Le dernier Observatoire de l'ePub indique un "net ralentissement de la croissance du programmatique au profit du gré à gré" notamment au deuxième semestre de 2022. Ce dernier a représenté 41% des recettes display l'année dernière, contre 59% pour le programmatique, soit une hausse de 21% comparé à 2021. Même si cette évolution est significative, voire spectaculaire, il serait prématuré d'y voir une tendance structurelle et générale ne serait-ce que parce que c'est la première fois que cela se produit depuis de nombreuses années : la part du gré à gré pour la commercialisation du display n'a pas cessé de baisser avant 2022, passant par exemple de 54% en 2018 à 37% des montants négociés en 2021. Avant de parler d'un retour en force du gré à gré, il vaudrait mieux attendre de voir comment les annonceurs vont se comporter cette année.

Le vrai et la faux gré à gré

Mais il y a aussi une autre raison à ce besoin de prudence : les chiffres de l'Observatoire n'intègrent pas seulement les recettes déclarées par les régies ; ils tiennent également compte des investissements réalisés par les agences sur l'open web.

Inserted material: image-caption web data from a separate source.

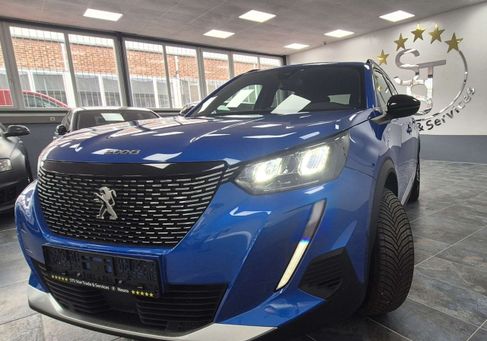 Peugeot 2008, 2023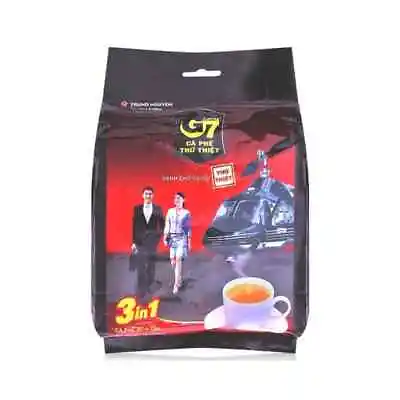 G7 3-In-1 Instant Vietnamese Coffee 100 / 20 Packets Imported Vietnam VietsWay • $14.99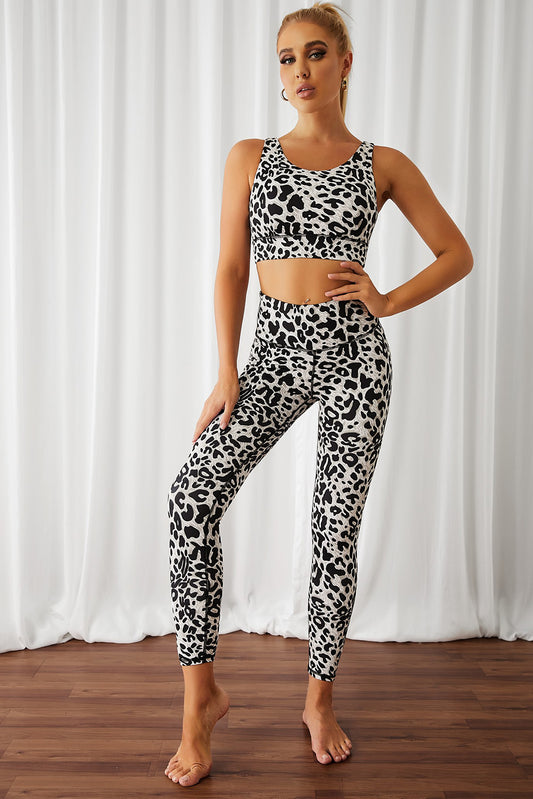 Animal Print Leggings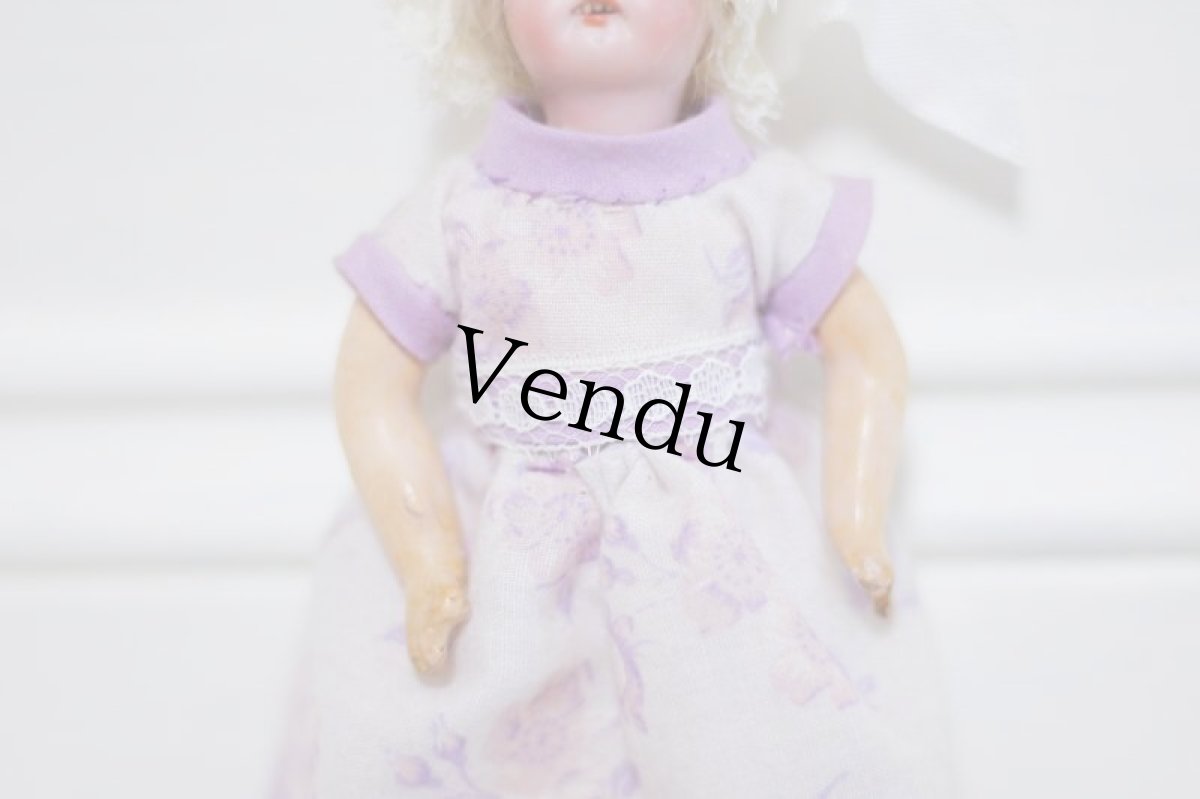 画像3: mignonette/compo body D//France蚤の市 (3)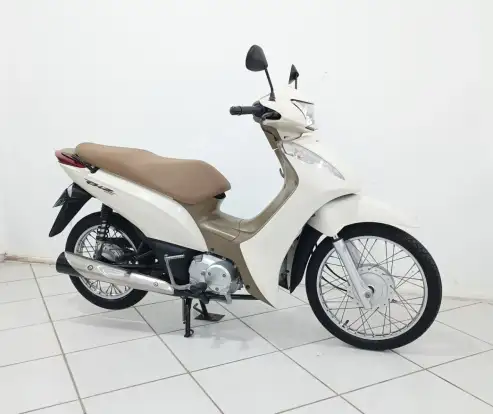 HONDA-BIZ 125 ES-2011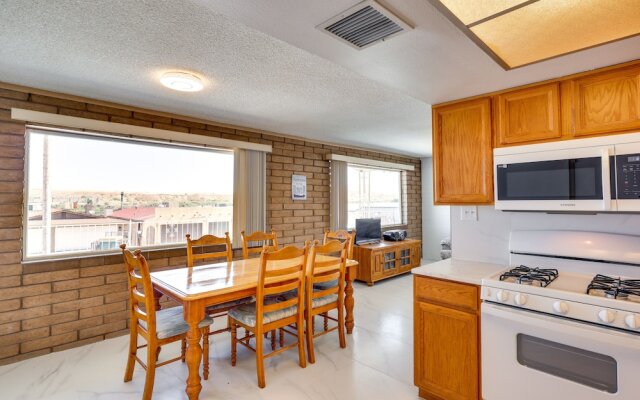 Riverfront Bullhead City Home w/ Mountain Views!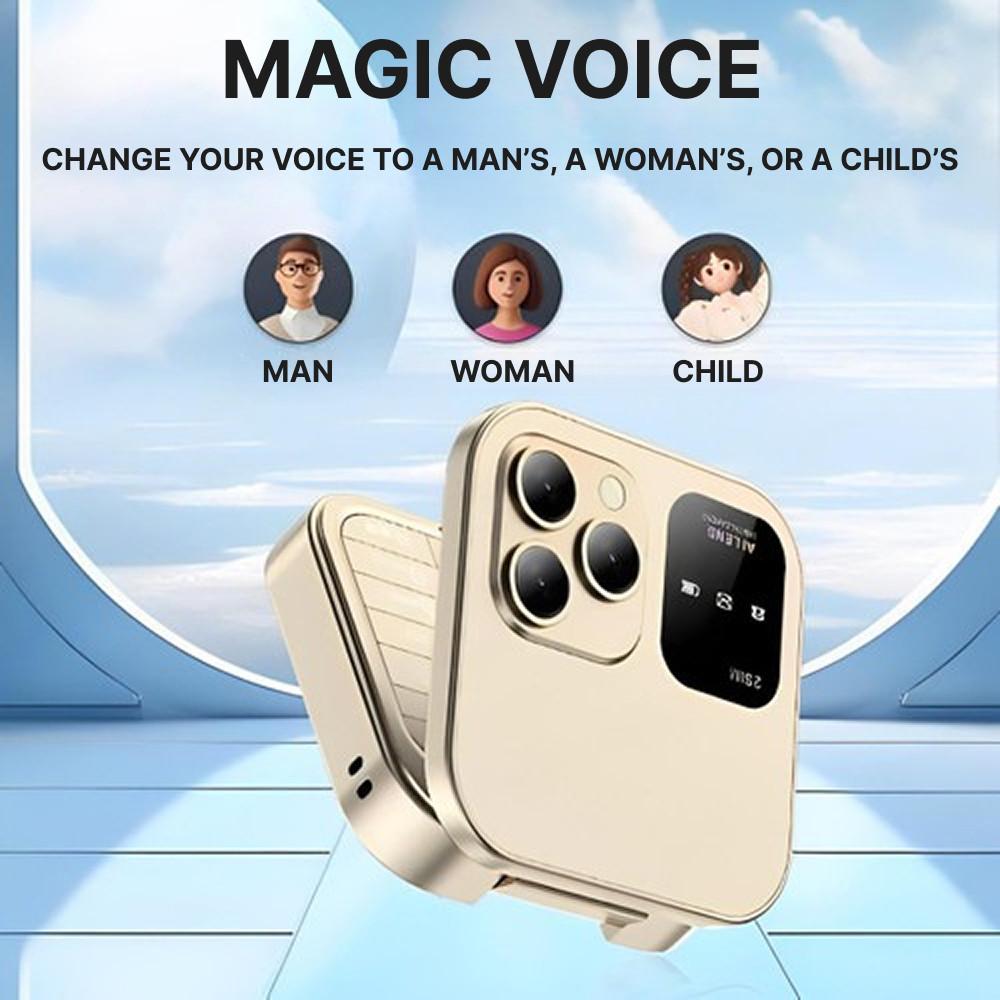 Faltbares Dual-SIM-Handy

Or, une partie des ordres d'insertion que les agences passent auprès de réseaux publicitaires externes spécialisés (par exemple en ciblage contextuel, ciblage intentionnistes ou en vidéo outstream, etc.) sont en réalité activés par ces derniers en programmatique, en mode managed. Résultat : l'opération achetée en programmatique auprès d'une sélection d'éditeurs ou dans l'open auction est considérée comme étant du direct basé sur un ordre d'insertion manuel (et donc comptabilisée comme du gré à gré), quand en réalité elle aussi emprunte un cheminement automatisé avec les intermédiaires de la chaîne programmatique.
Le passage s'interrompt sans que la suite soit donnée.